Mon chirurgien fit tous ses efforts pour me dissuader de partir. Il me représenta que j'étais encore en très mauvais état, que ma blessure était loin d'être cicatrisée. Il me fit un tableau très éloquent des dangers de la fièvre, de la gangrène, de l'hémorragie. Voyant que j'étais résolu, il mit fin à ses remontrances, et me présenta sa note. Elle montait à la modeste somme de cent dollars ! C'était une véritable extorsion. Mais que pouvais-je faire ? Je criai, je tempêtai. Le Mexicain me menaça de la justice du gouverneur. Godé jura en français, en espagnol, en anglais et en indien ; tout cela fut inutile. Je vis qu'il fallait payer et je payai, quoique avec mauvaise grâce.

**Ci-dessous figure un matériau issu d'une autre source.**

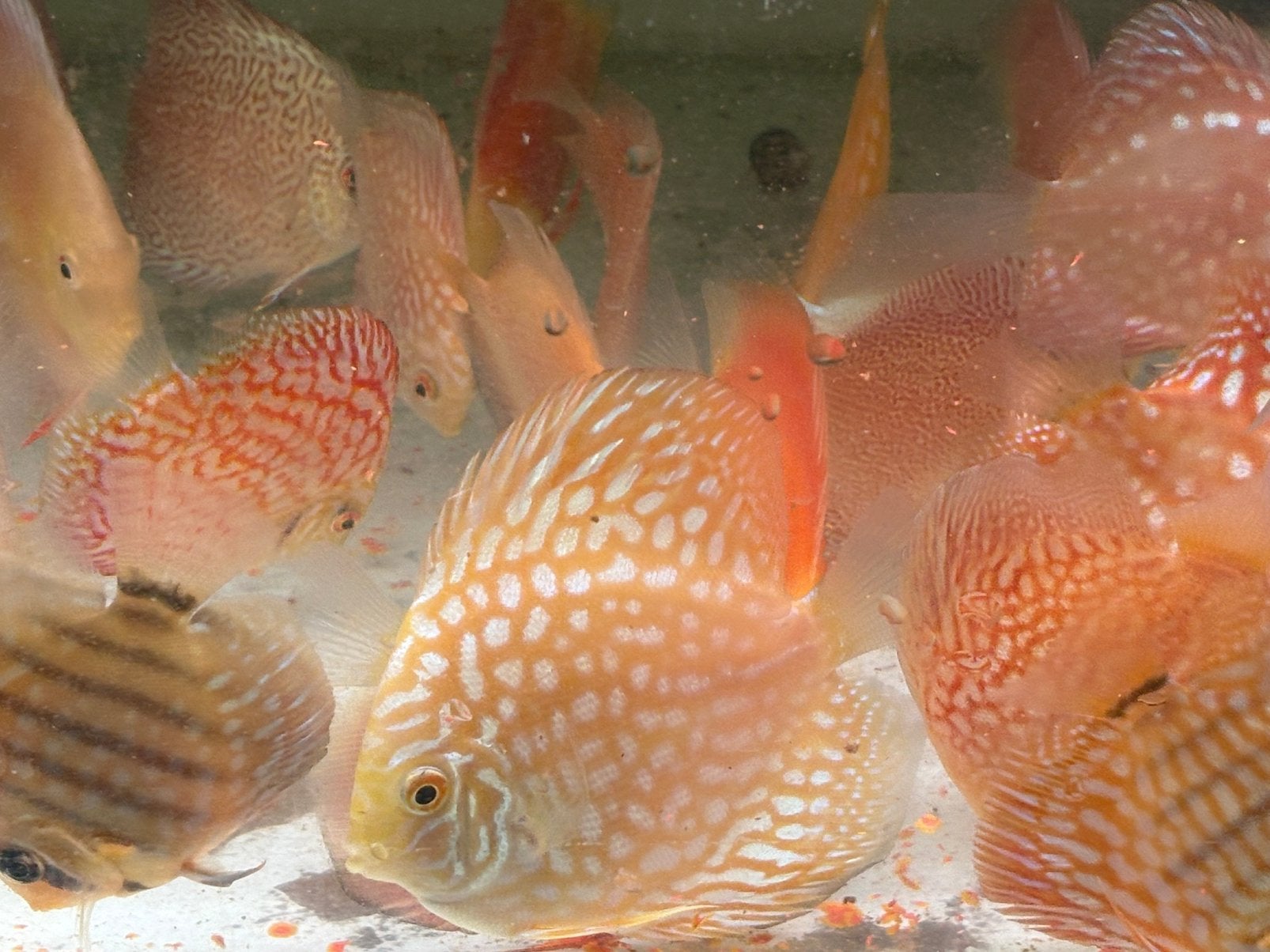Discusvissen, Dieren en Toebehoren, Vissen | Aquariumvissen, Vis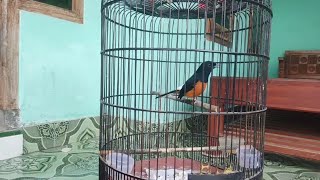 dengan cara ini!! 4-5 BULAN MURAI BATU BISA GACOR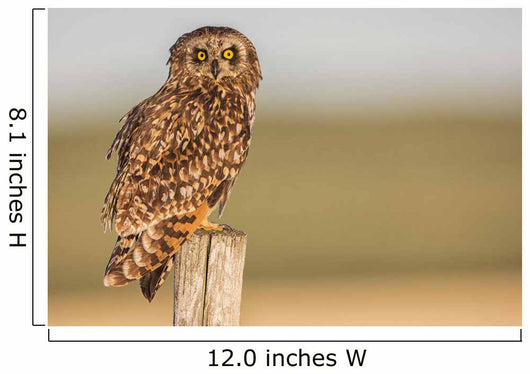 Short Eared Owl Sitting Wall Decal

La sangsue disparut, et le maître d'hôtel lui succéda. Celui-ci, comme le premier, me supplia avec instances de ne pas partir. Il me donna quantité d'excellentes raisons pour me faire changer d'avis.

– Ne partez pas ! sur votre vie, señor, ne partez pas !

– Et pourquoi, mon bon José ? demandai-je.

– Oh ! señor, los lndios bravos ! los Navajoès ! caramba !

– Mais je ne vais pas du côté des Indiens. Je descends la rivière ; je traverse les villes du Nouveau-Mexique.

– Ah ! señor, les villes ! vous n'avez pas de seguridad. Non ! Non ! Nulle part on n'est à l'abri du Navajo. Nous avons des novedades (des nouvelles toutes fraîches). Polvidera ! Pobre Polvidera ! elle a été attaquée dimanche dernier. Dimanche, señor, pendant que tout le monde était à la messe. Et puis, señor, les brigands ont entouré l'église ; et… oh ! caramba ! ils ont traîné dehors tous ces pauvres gens, hommes, femmes et enfants. Puis, señor, ils ont tué les hommes, et pour les femmes… Dios de mi alma !

– Eh bien, et les femmes ?

– Oh ! señor, toutes parties, emmenées aux montagnes par les sauvages. Pobres mugeres !

– C'est une lamentable histoire, en vérité ! mais les Indiens, à ce que j'ai entendu dire, ne font de pareils coups qu'à de longs intervalles. J'ai la chance de ne pas les rencontrer maintenant. En tout cas, José, j'ai résolu d'en courir le risque.

– Mais, señor, continua José abaissant sa voix au diapason de la confidence, il y d'autres voleurs, outre les Indiens ; il y en a de blancs, muchos, muchissimos ! Ah ! je vous le dis, mi amo, des voleurs blancs ; blancos, blancos y muy feos (et bien dangereux) carrai !

Et José serra les poings comme s'il se fût débattu contre un ennemi imaginaire. Tous ses efforts pour éveiller mes craintes furent inutiles. Je répondis en montrant mes revolvers, mon rifle et la ceinture bien garnie de mon domestique Godé. Quand le bonhomme mexicain vit que j'étais déterminé à le priver du seul hôte qu'il eût dans sa maison, il se retira d'un air maussade et revint un instant après avec sa note. Comme celle du médecin, elle était hors de toute proportion raisonnable, mais encore une fois je n'y pouvais rien, et je payai. Le lendemain, au petit jour, j'étais en selle, suivi de Godé et d'une couple de mules pesamment chargées ; je quittais la ville maudite et suivais la route du Rio-Abajo.